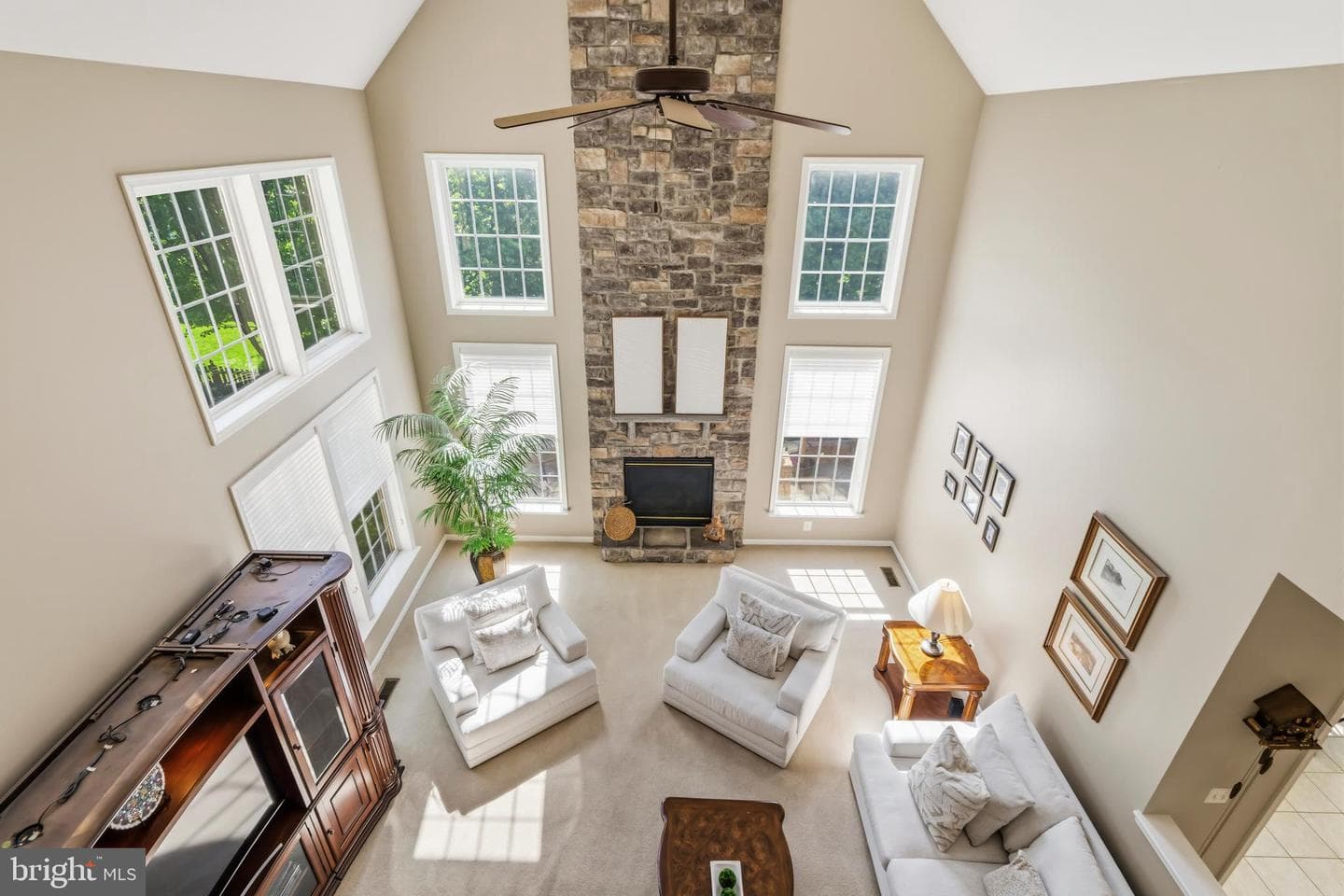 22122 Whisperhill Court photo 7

...

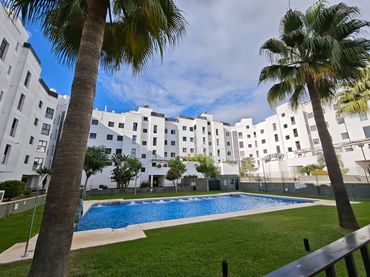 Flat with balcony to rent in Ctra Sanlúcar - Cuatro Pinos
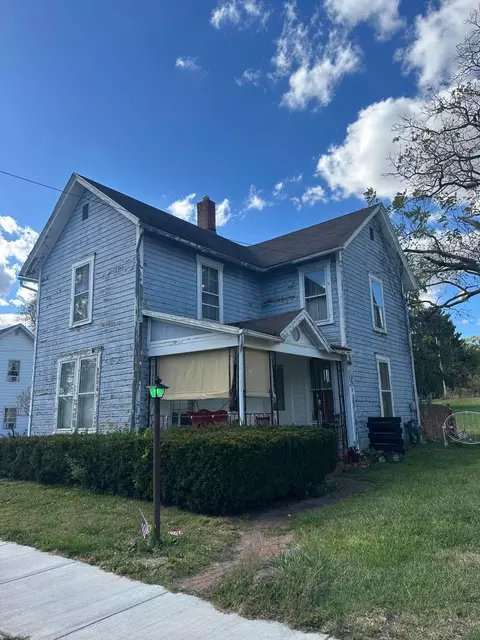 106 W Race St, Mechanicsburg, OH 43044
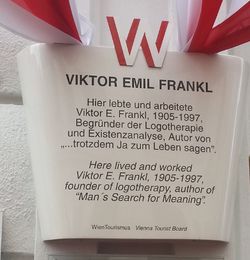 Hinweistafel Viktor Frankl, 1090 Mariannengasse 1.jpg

...

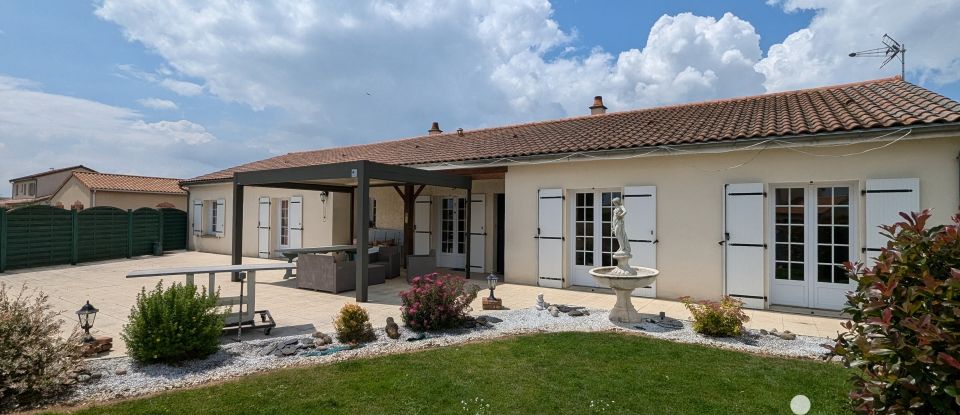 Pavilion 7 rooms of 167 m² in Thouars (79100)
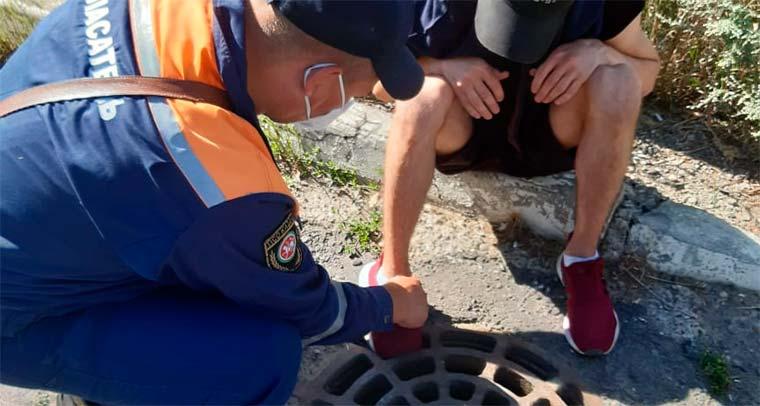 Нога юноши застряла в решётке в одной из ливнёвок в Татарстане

## Your objective
Print the part of the listing above that opens with the line containing "Pavilion 7 rooms" and closes with the line containing "Нога юноши застряла". Copy it exactly, both ends included, and omit the pictures.

## Response to the exercise
 Pavilion 7 rooms of 167 m² in Thouars (79100)
 Нога юноши застряла в решётке в одной из ливнёвок в Татарстане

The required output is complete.